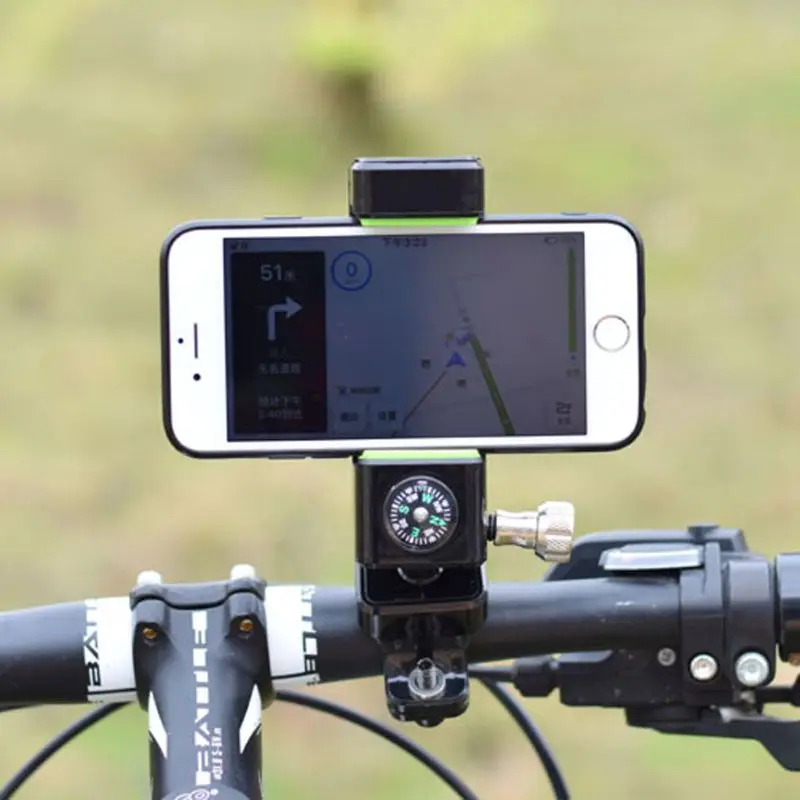 Multi-functional Bicycle Handlebar Mount Bracket Motorbike Phone Holder With Compass for iPhone Samsung 3.5-6.5 inch Cel | Автомобили и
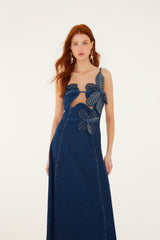 Denim Flower Dress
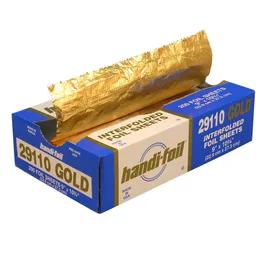 Foil Sheets 9X10.75 IN Aluminum Gold Interfold 2400/Case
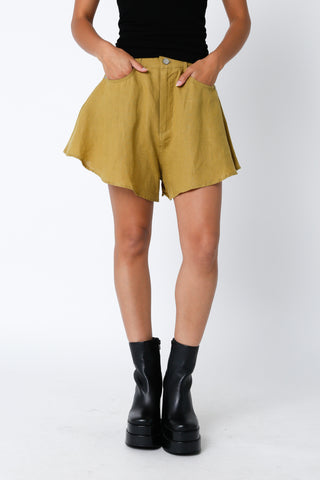 Belle Linen Mini Shorts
====================
● Exercise description: Without including a single picture, restate all of the data word for word.

● Output below:
 Multi-functional Bicycle Handlebar Mount Bracket Motorbike Phone Holder With Compass for iPhone Samsung 3.5-6.5 inch Cel | Автомобили и
 Denim Flower Dress
 Foil Sheets 9X10.75 IN Aluminum Gold Interfold 2400/Case
 Belle Linen Mini Shorts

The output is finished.